▶ _TASK_:
Give the lines again exactly as they appear below, from the line with "Coeur d'Alene House" to the line with "При нападении талибов", both included, and only those lines. Leave every picture out.

▶ _INFORMATION SHOWN_:
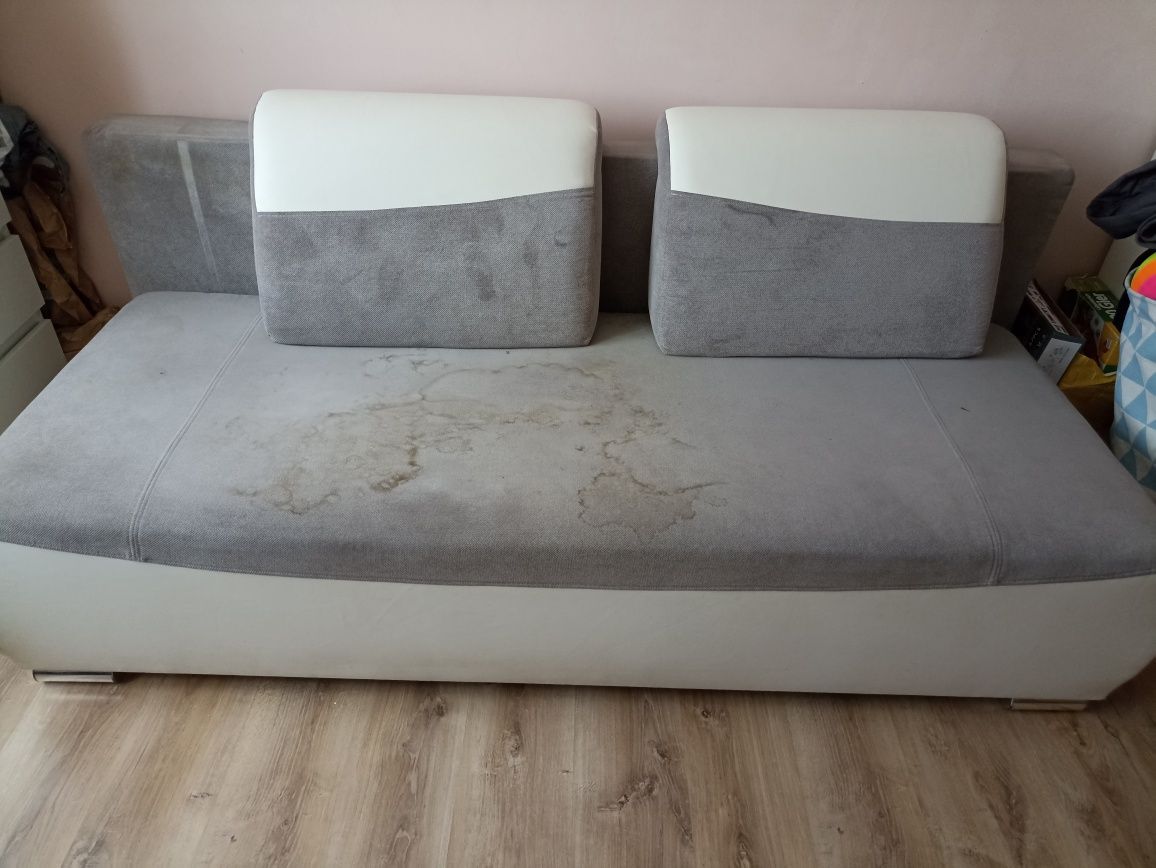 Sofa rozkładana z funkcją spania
---
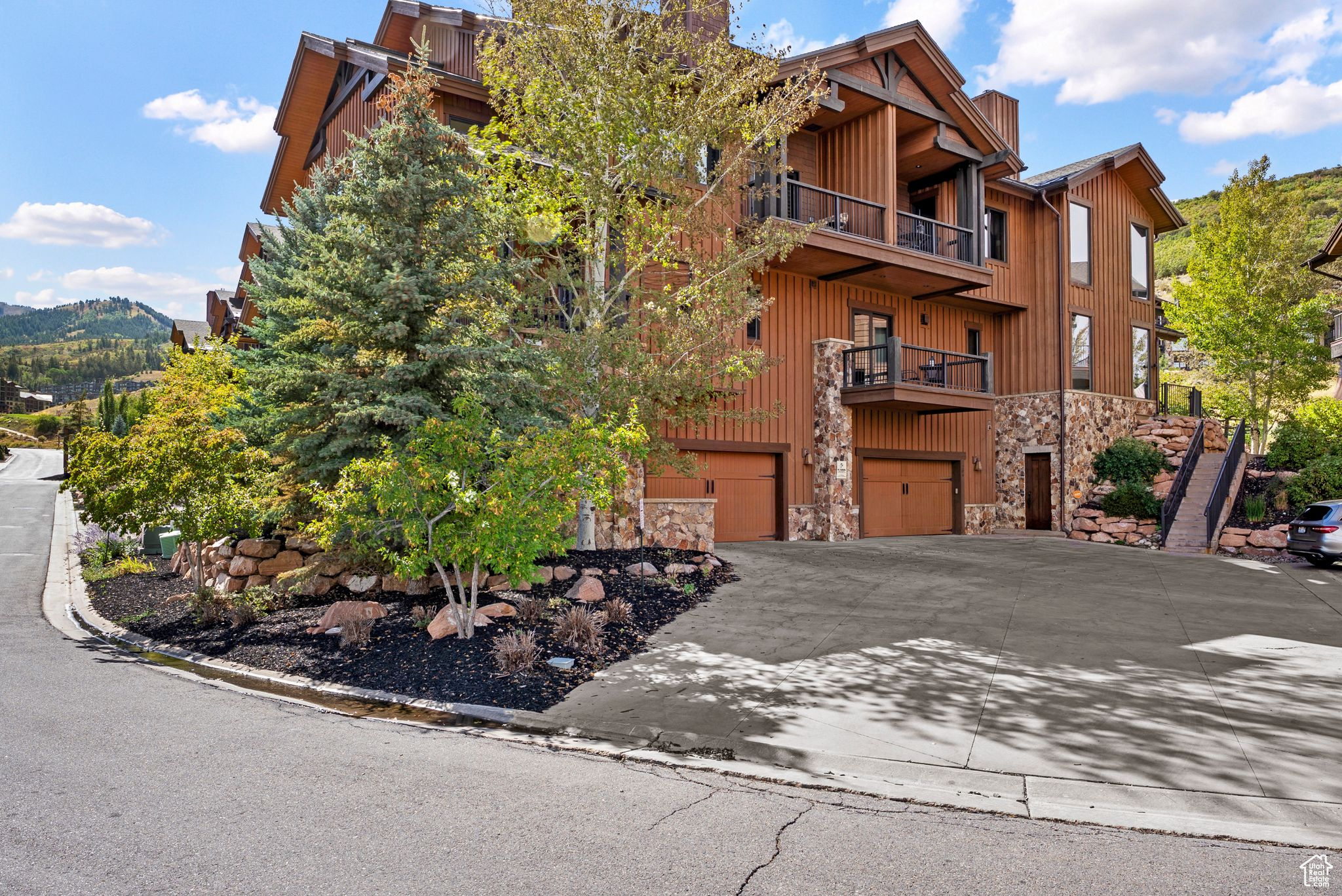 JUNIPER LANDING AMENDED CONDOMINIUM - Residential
==
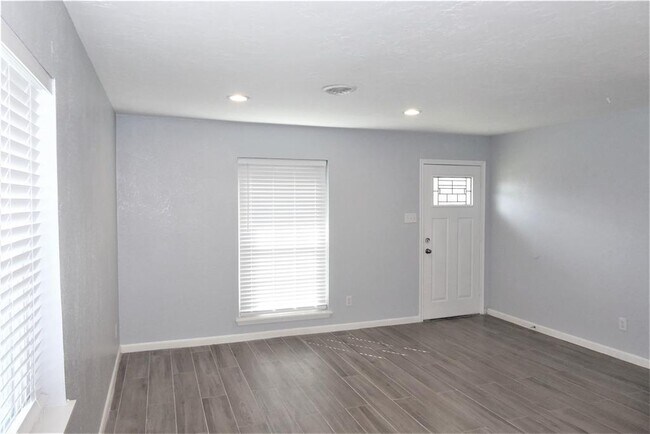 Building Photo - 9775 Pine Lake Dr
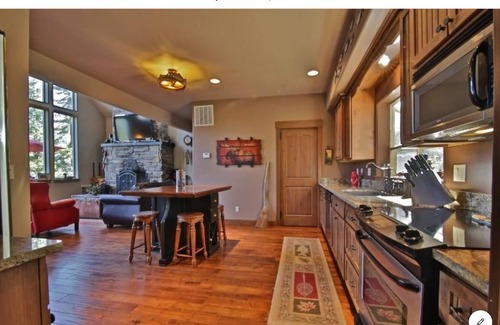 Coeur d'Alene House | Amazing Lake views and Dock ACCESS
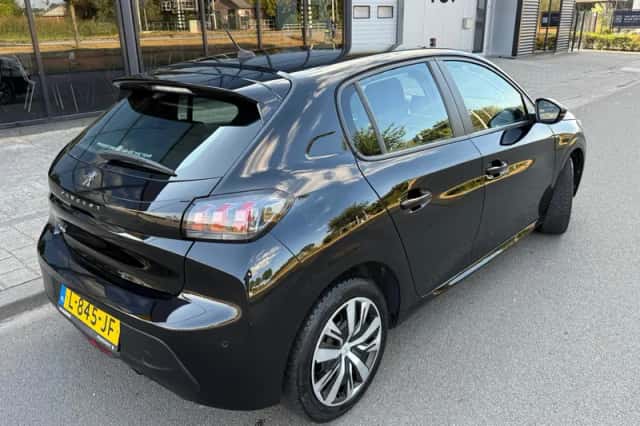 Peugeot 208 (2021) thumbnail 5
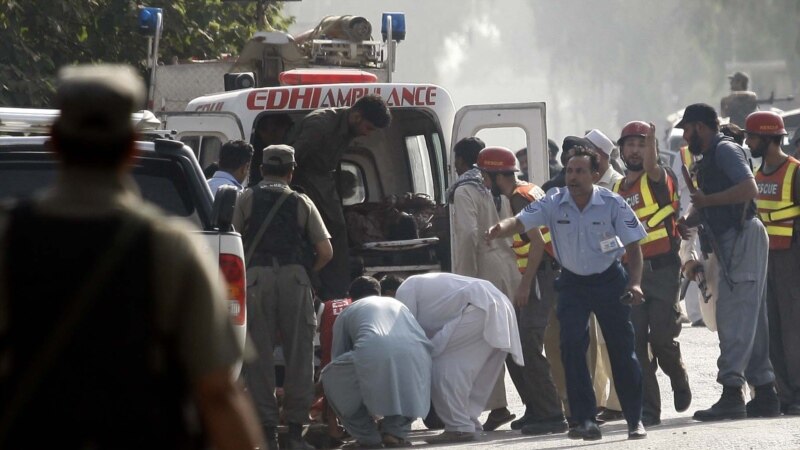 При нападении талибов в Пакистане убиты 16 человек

▶ _FINISHED EXERCISE_:
 Coeur d'Alene House | Amazing Lake views and Dock ACCESS
 Peugeot 208 (2021) thumbnail 5
 При нападении талибов в Пакистане убиты 16 человек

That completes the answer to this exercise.